Career

Which Jobs Are Vulnerable To Technology? (Or, The Robots Are Coming)

Remember watching sci-fi movies in awe of those futuristic concepts? Or wishing that hoverboards would be a reality in our lifetime? As if we were ever threatened by air touch technology and kitchen appliances that talked to you.

But maybe we should have been.

Now, artificial intelligence is not just a name of a movie featuring Jude Law. It’s here and it’s creating a fundamental global change in the workforce.

One report by the Foundation for Young Australians says it’s such a significant change, if we don’t understand and adapt to the challenges, then we’ll struggle to remain relevant in our careers.

Of course technology affecting our jobs isn’t a new phenomenon.

Demand for certain products has and always will drop whenever newer, faster technology becomes available. But what about the people behind those outdated products – the librarians, the DVD shop franchise owners, or retail staff facing redundancy because of the online shopping boom? It’s all fun and games when we’re buying discount package holidays to Bali. It’s not so fun when that action means making job titles like “travel agent” obsolete.

So how do we keep up with technological advances? How do we compete with machines replacing human tasks? Is there a future for us humble humans in the workplace?

Absolutely, says Natasha Munasinghe, director of The FRANK Team, a training organisation focused on real skills for the future, but only as long as we’re looking to grow and adopt other crucial skills.

“Statistics tell us around 70% of the jobs that students are studying for are jobs that won’t even exist once they graduate, so there’s a necessary shift needed, particularly for Universities to offer more of an entrepreneurial style education,” she tells The Cusp.
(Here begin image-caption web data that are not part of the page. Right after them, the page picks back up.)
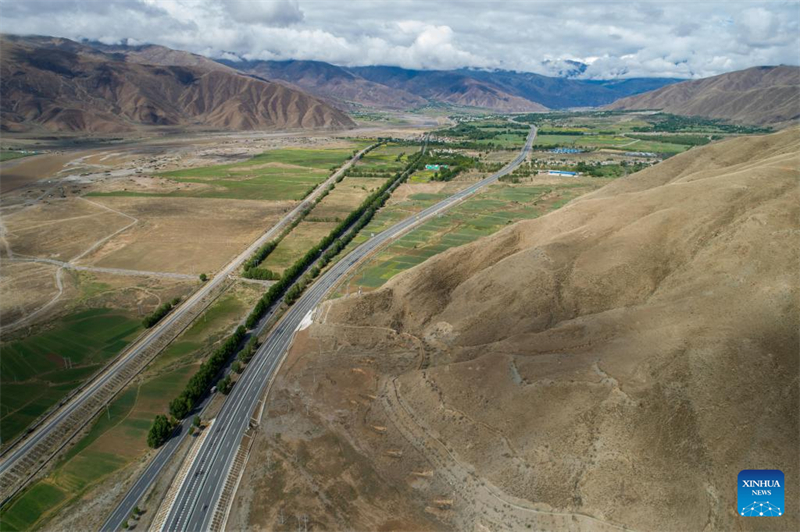 Xizang : l'autoroute reliant les plus grandes villes de la région ouverte à la circulation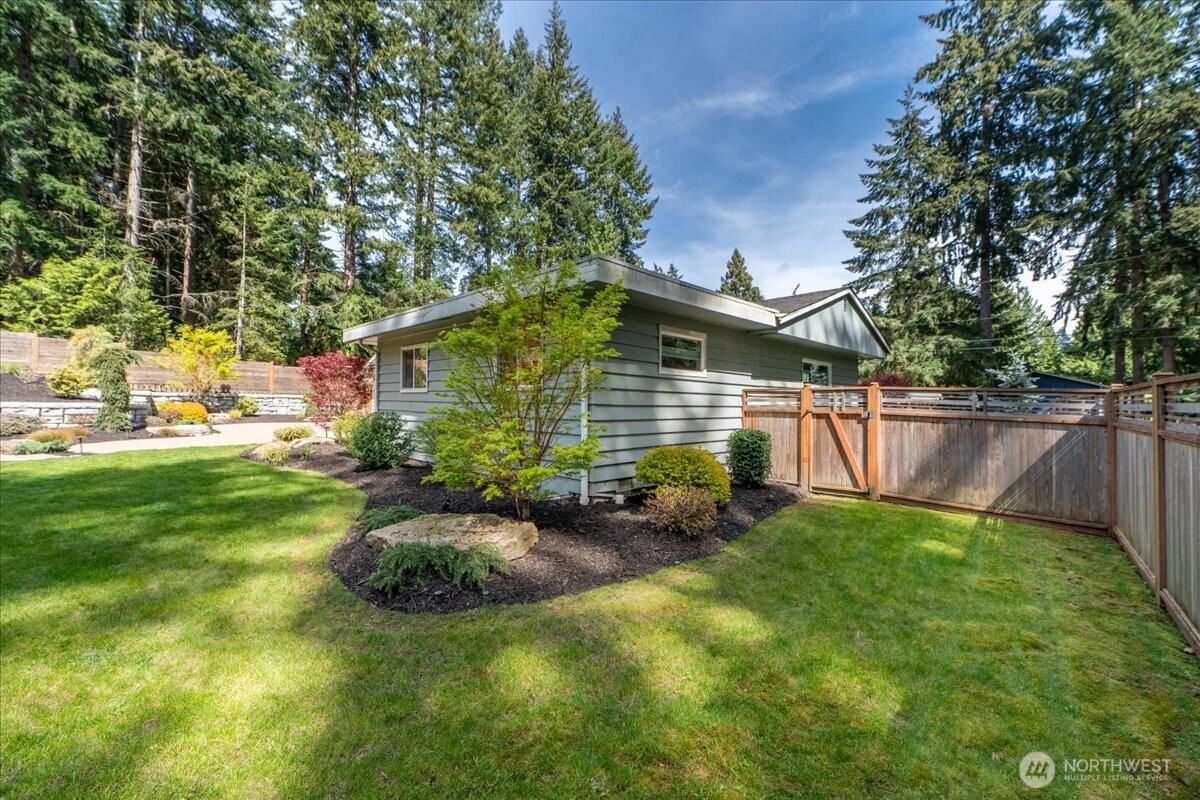 14104 59th Ave W, Edmonds, WA 98026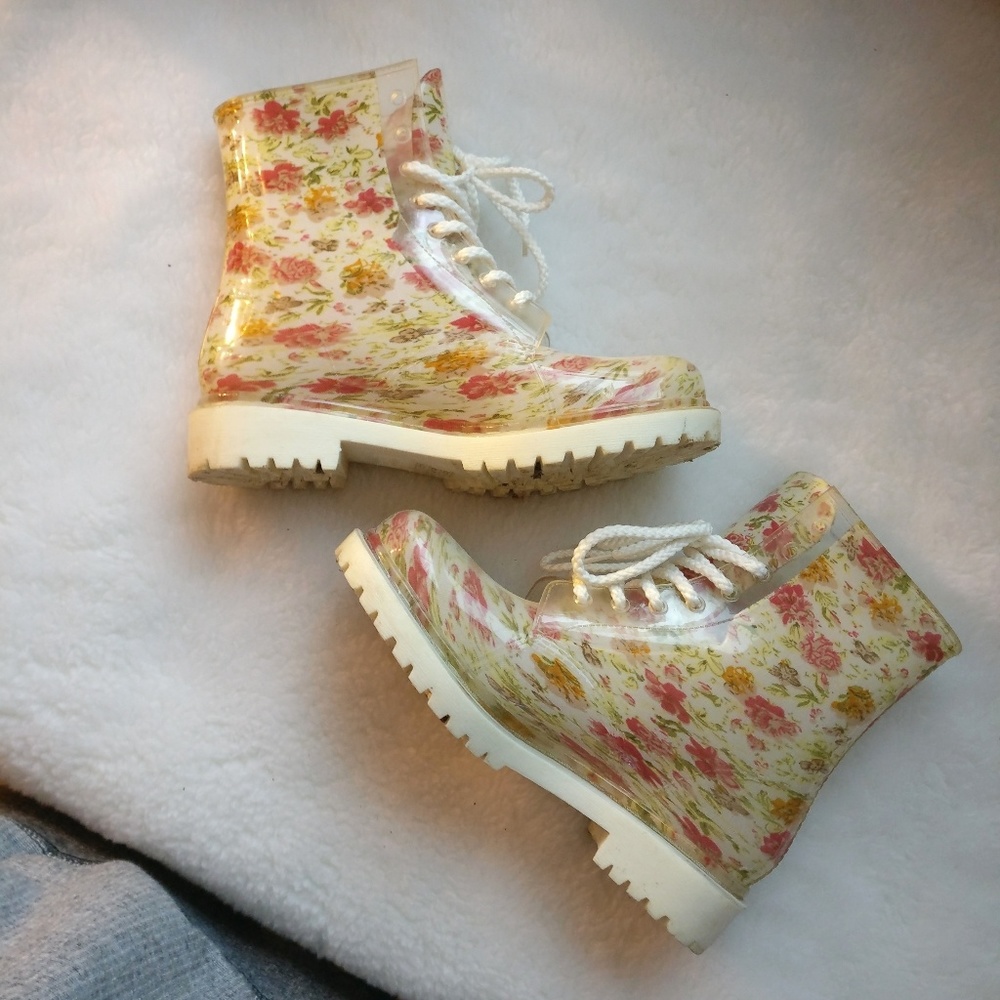 Dirty Laundry Light Floral Combat Rain Boots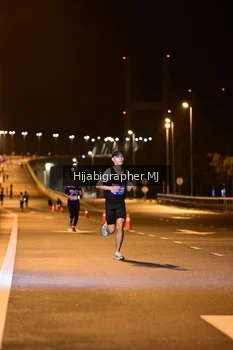 Runner Photo 1725028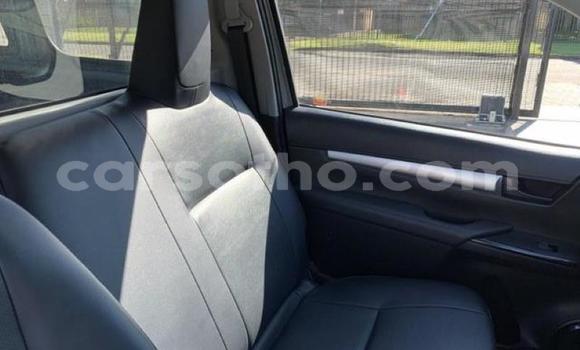 Sayi Na hannu Toyota Hilux Silver Mota in Maseru a Maseru Sayi Na hannu Toyota Hilux Silver Mota in Maseru a Maseru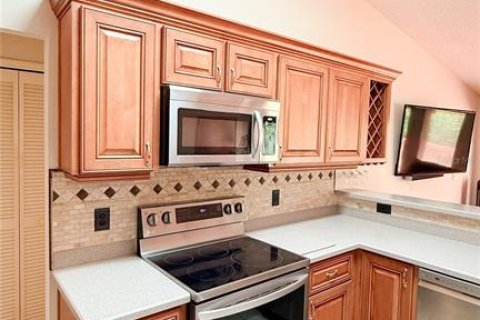 Casa en venta en Orange City, Florida, 3 dormitorios, 166.3 m2 № 2199162 - foto 5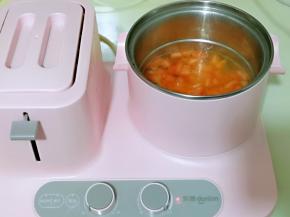 把炒软的番茄倒入汤锅中，加入纯净水。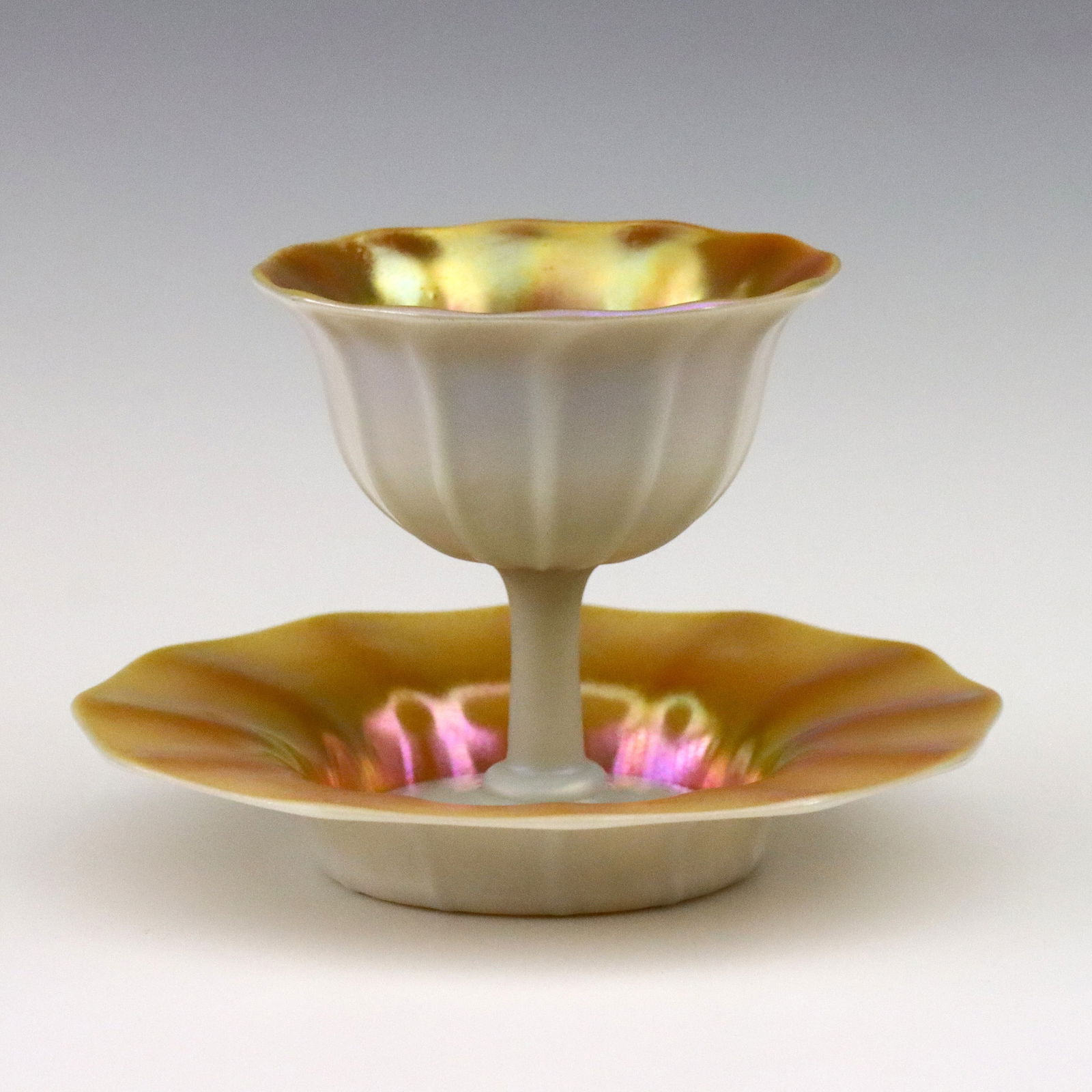 Steuben Aurene Sherbet (1 of 2)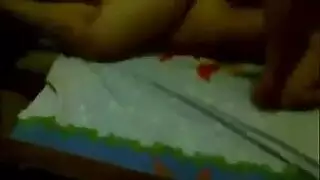 بيت دعارة مصري إكس إكس إكس: لقطات سرية لعاهرات عربيات يتم تعريضهن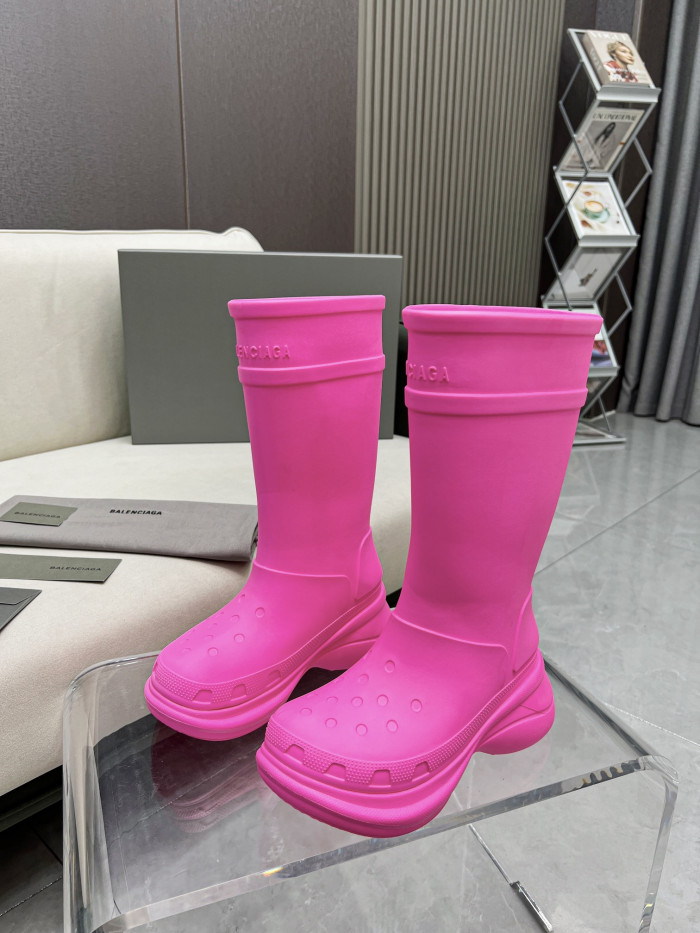 Ba*len*cia*ga x crocs boot pink (w)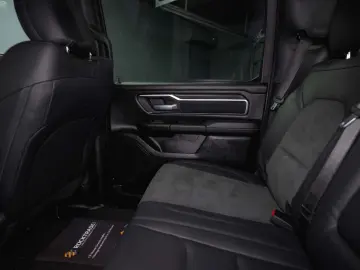 RAM 3.0 MY 25 TWIN TURBO BLACK EDITION  LED 19%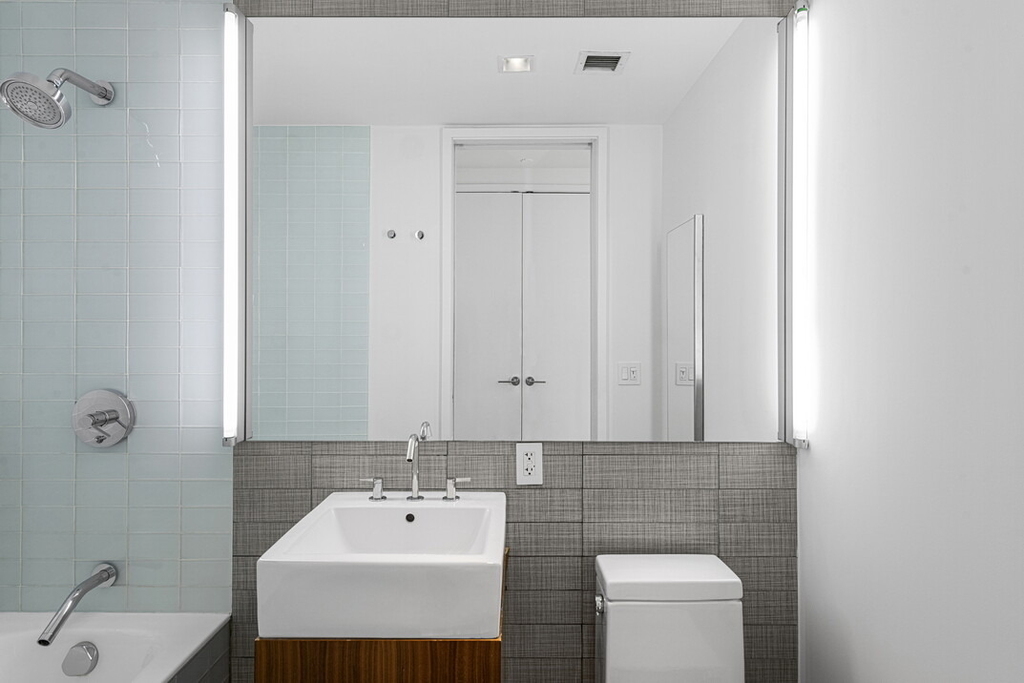 447 W 18th Street - Photo 7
The type of education Natasha believes is necessary is less focussed on tangible skills that are dying out and more on skills that technology will find hard to replace, no matter how advanced. Skills like the ability to tolerate failure and take initiative for example. Natasha and other researchers call them “critical thinking” skills.

“For young people to feel empowered around all these radical digital, physical and biological advances, we need to teach them critical thinking skills like negotiation, decision making and complex problem solving,” she says.

Alongside this, she also believes emotional intelligence and creativity need to be encouraged and nurtured. “Universities need to get comfortable with providing education on the whole person, rather than just on discipline-specific knowledge,” she advises.

Obviously Stanford Uni gets it; Natasha says students at the prestigious American college take on “missions rather than majors”, which recognise the value of having the broad range of skills needed in an uncertain job market.

Of course there’ll always (we hope) be career paths less vulnerable to extinction through automation than others.

Natasha says that while there are the obvious jobs in IT, particularly coding, that will remain relevant, it’s jobs requiring human touch like nursing, aged care and beauty therapy that have also have relatively safe prospects.

In fact, a 2013 Oxford University report highlight the importance of human interaction with their list of “safe” career paths. Some include:

  • Mental Health/ Substance Abuse Social workers
  • Occupational Therapists
  • Dieticians, and
  • Physicians.

According to a report by Forbes some careers expected to be under threat are:

  • Some health professionals: With robots able to do much of the workload.
  • Architects: With software programs gaining momentum, helping people design their own dream homes.
  • Finance workers: Where living in a cashless society means paying with our phones, depositing into ATM machines and cryptocurrencies like Bitcoin taking over. It’s not just banks that could suffer but professions such as accounting too.
  • Legal jobs: Where it’s not just legal secretaries being redundant but higher up the ladder too as lawyers face serious change. (One statistical model by Michigan University and South Texas College of Law predicted the outcome of nearly 71% of Supreme Court cases, which isn’t great news for the profession.)

Before we freak out screaming “the robots are coming!”, it’s important to piece together what researchers are really trying to tell us. Sure, a few jobs like the postal worker may disappear because of letters and bills going to your inbox rather than post-box, but most will just be redefined.

A recent Deloitte report reminds us that when certain jobs go, others will be created in their place. This cycle of creation and elimination has always been around in the workforce.

“The central theme is that every one of us will continually need to upskill and take on the attitude of being a lifelong learner,” Natasha reckons.

Although we might not be able to 100 percent predict our job future, it seems we can all be prepared for change.